For Blizzard, fun isn't the issue. The problems are copyright infringement and the promotion of piracy. And with a highly anticipated new game, Warcraft III, poised for launch this summer, the company is playing hardball. On Feb. 19, Blizzard sent a cease-and-desist e-mail to Internet Gateway, the ISP that hosts the Web site for bnetd. In language that is fast becoming the scourge of the Internet, the letter declared that "pursuant to the provisions of the Digital Millennium Copyright Act" (DMCA), the bnetd code was "circumvention technology" which permitted the violation of Blizzard's copyrights.
Specifically, Blizzard charges that bnetd allows the use of pirated copies of its games to be played on servers running bnetd. (In comparison, pirated Blizzard games won't work with Battle.net.)
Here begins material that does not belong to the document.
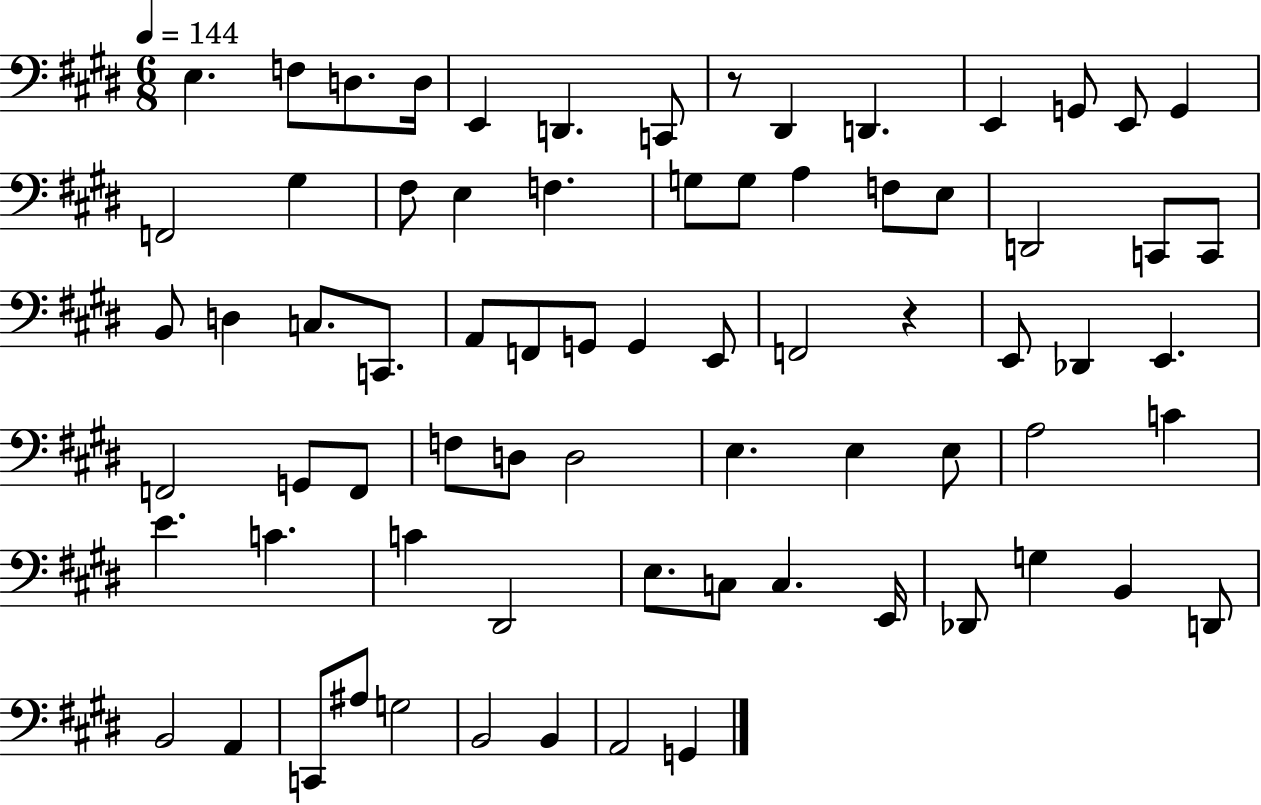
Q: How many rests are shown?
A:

In response, the bnetd team, unable to face the legal costs of contesting Blizzard in court, removed the bnetd code from the bnetd.org Web site. But this did not satisfy Blizzard. On April 5, Blizzard filed suit against Internet Gateway and bnetd.org's system administrator, Tim Jung. (Other defendants, perhaps those who contributed to bnetd's code, may be added later.) This time around, Blizzard did not cite the DMCA. Instead, Blizzard now says that bnetd serves as a way to allow unauthorized public performances of Blizzard's copyrighted work (its games).
It is unclear exactly what the reasoning was behind the change in legal tack. Blizzard's legal team may have decided that the charge that the bnetd code itself was a copyright violation would not stick -- the code "emulates" the functionality of Battle.net, but it does not actually copy any of Battle.net's code. It's also possible that the new legal language was a pre-emptive attempt to protect a new, subscription-based version of Battle.net that will debut for the upcoming World of Warcraft.
In a statement sent by e-mail to Salon, Michael Morhaime, Blizzard Entertainment's president and co-founder said, "We always have been and will continue to be diligent in protecting our trademarks and copyrighted materials. We are convinced that certain members of the bnetd project illegally copied parts of our code and bypassed the game's CD-Key authentication process. We further believe that emulators damage our efforts to prevent piracy, and they create safe havens for players using illegal copies of our products."
Whatever the case, to some observers, the new charges are even worse than the original.
To say that bnetd allows unauthorized public performances implies that it is a copyright violation just to create software that "interoperates," or is otherwise compatible, with Blizzard. Interoperability -- which enables software to work with other software -- is a core principle of how the Internet, or any computer network, works.
The stakes are high enough that the Electronic Frontier Foundation has joined the fight, agreeing to provide legal representation for the bnetd team. Bnetd thus joins the fast-growing list of other software causes célèbres -- Dmitry Sklyarov, 2600 Magazine, Napster -- that have emerged in the hotly contested war over intellectual property and the Internet. How the Net works in the future could be decided in skirmishes like these.
"It is unfortunate that the state of U.S. law has fallen to such a low as to affect programmers in this way," says Crittenden, 34, who lives in Lithicum, Md. If the bnetd team happens to lose its case, he speculates, "Any company could create their own mini-monopoly on network communications. It could bring down the interoperability of the Internet."